(What you have to do): Beneath this line are the data; copy exactly the part of them that opens with the line containing "Taking Care (feat." and closes with the line containing "Patkhouli Mutkle Yarpur", and only that part.

(Records):
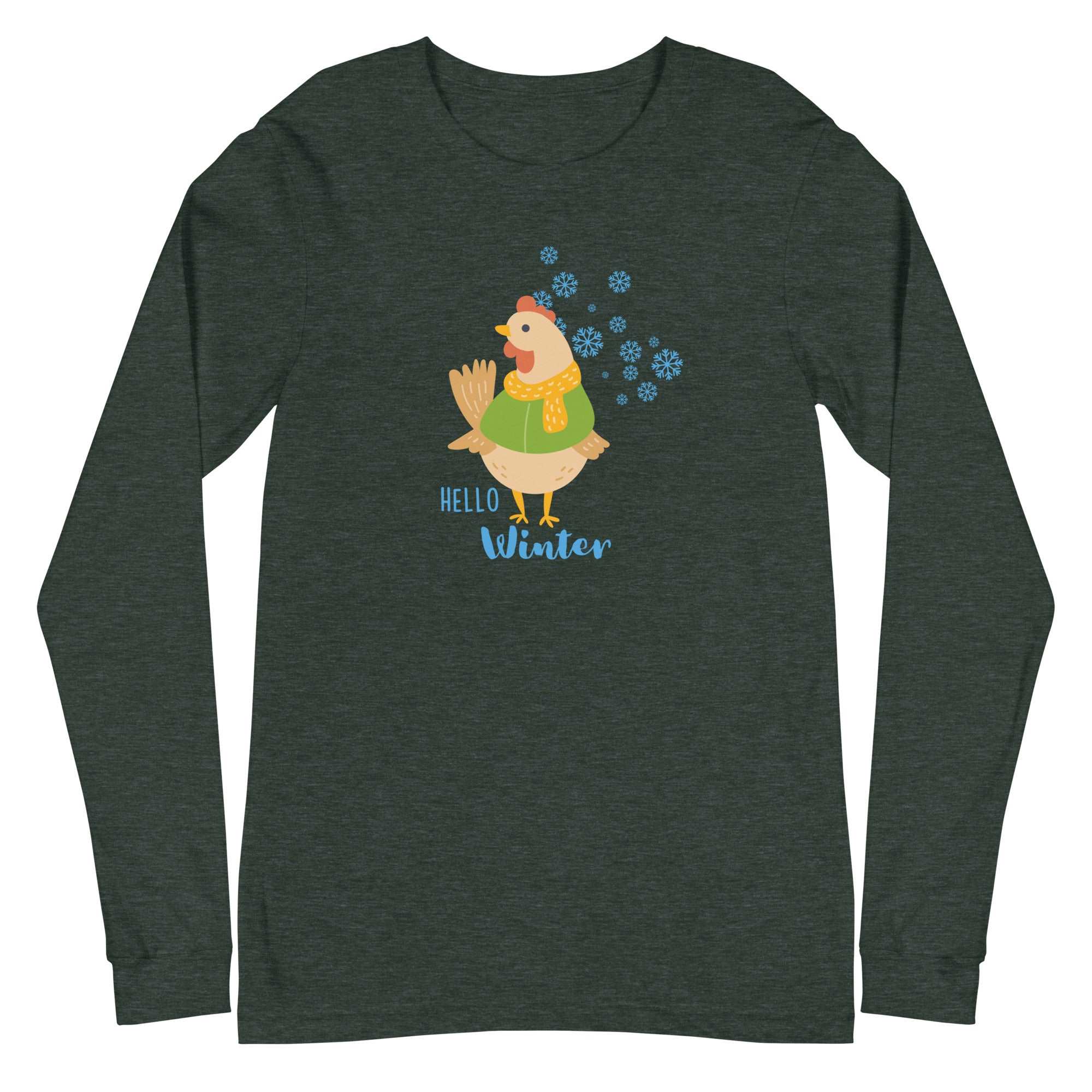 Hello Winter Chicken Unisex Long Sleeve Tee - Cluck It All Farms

...

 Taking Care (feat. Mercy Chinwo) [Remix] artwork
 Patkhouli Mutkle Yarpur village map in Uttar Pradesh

(Your solution):
 Taking Care (feat. Mercy Chinwo) [Remix] artwork
 Patkhouli Mutkle Yarpur village map in Uttar Pradesh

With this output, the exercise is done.